Automatic Attendance Management System Using Face Detection
Maintenance of attendance is a difficult task in various institutions. Every institution has its own method of taking attendance such as using attendance sheet or by using some biometric methods. But these methods consume a lot of time. Mostly student attendance is taken with the help of the attendance sheet given to the faculty members. This consumes a lot of work and time. We do not know whether the authenticated student is responding or not. Calculation of consolidated attendance is another major task which may cause manual errors. In some other cases, the attendance sheet may become lost or stolen by some of the students. Thus came my inspiration of the development of an automatic attendance system.
Features
- Deep Neural Network for Facial Detection and Recognition of registered users
- Automatic Enrollment of new faces with a unique id to match with the administrator.
- Dashboard for viewing Attendance Recorded.

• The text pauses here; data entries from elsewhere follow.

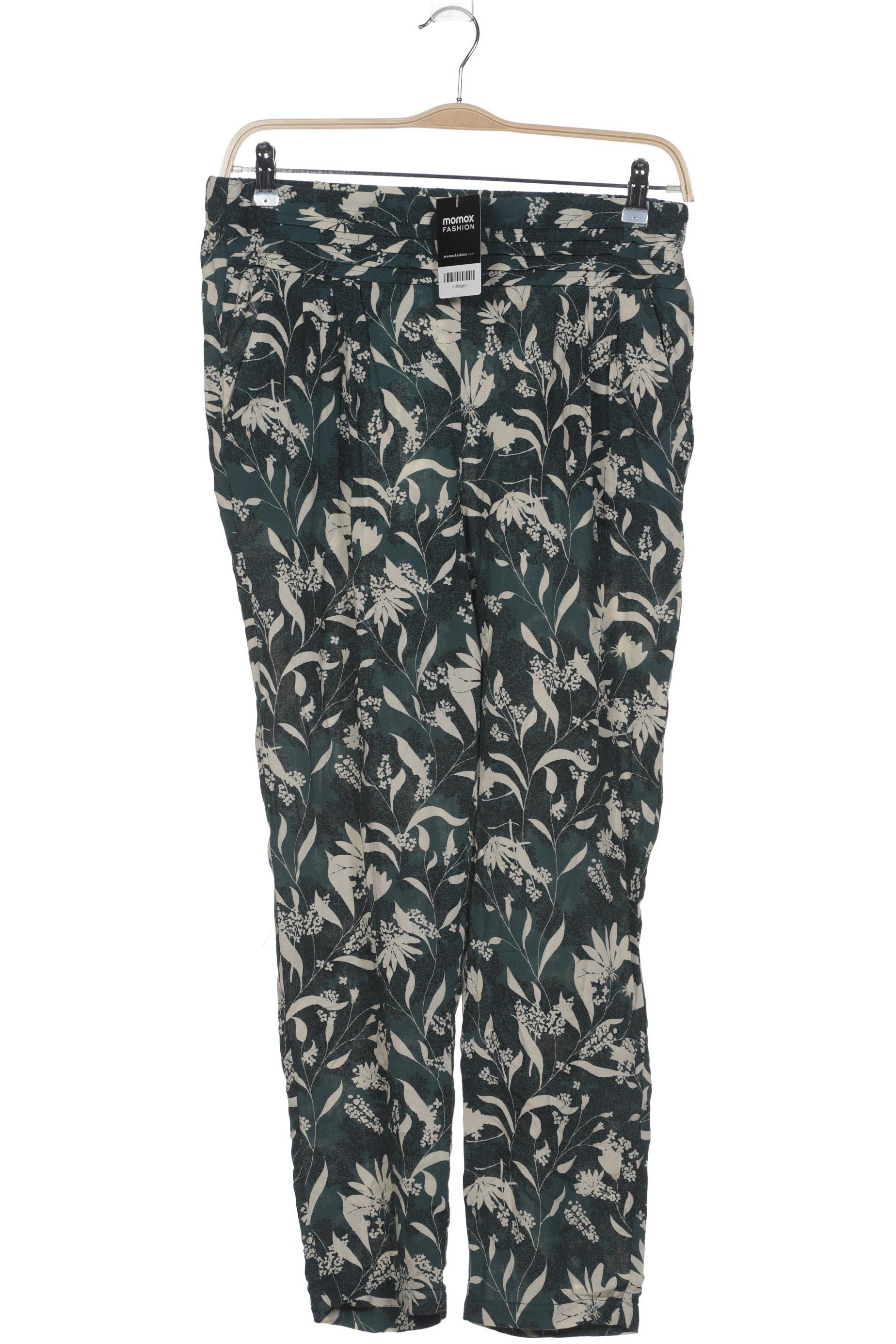 

camaieu Damen Stoffhose, grün, Gr. 42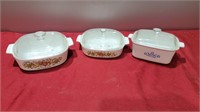 Corning ware dish set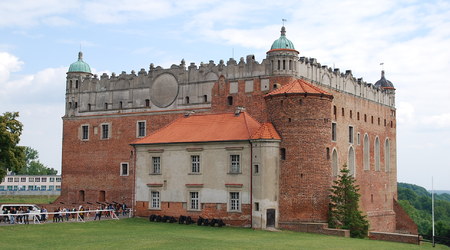 Zamek w Golubiu Dobrzyniu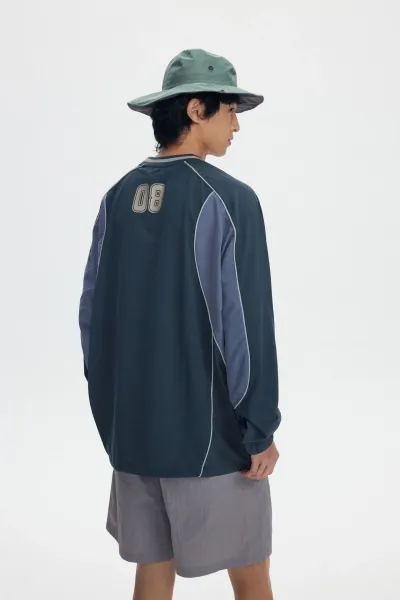 Ecutor x Umbro Training Top Army Green Windbreaker - 9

- Cloud-Based architecture for Marking Timestamp in real-time.
Workflow
- A video Recorder is used for recording real-time videos minimum, 4 Mega Pixels
- The recorder is connected over a personal area network that transfers the frame to the server
- The algorithm is deployed over the server which reads the frames from the recorder as an input
- A neural network detects if the frames contain faces. If yes the frames are cropped and the faces are sent to a different neural network for recognition, else next frame is scanned
- A Custom Convolution Neural Network trained over some registered users is used to recognize the faces and returns the name of the user or in case of new face returns a new face.
- If the face is recognized, the database is updated for that particular person with the timestamp.
- If the face is not recognized the cropped face and the frame is kept for future training
- When the system is disconnected from the camera and the video feed stops the Convolution Neural Network is trained over the new faces using transfer learning so that the model is not trained over the previously recognized faces.
Knowledge Gained
- Integration of WebApps with Deep Learning models for real-time computation
- Exploiting parallelism for handling multiple streams of video data from different cameras.
- API Development for HTTP Requests.
- Implementing Transfer Learning used in training model on new data for auto-enrollment.
- Combination of CNN with other Neural layers for small yet powerful networks so that they have very less computation and time requirements.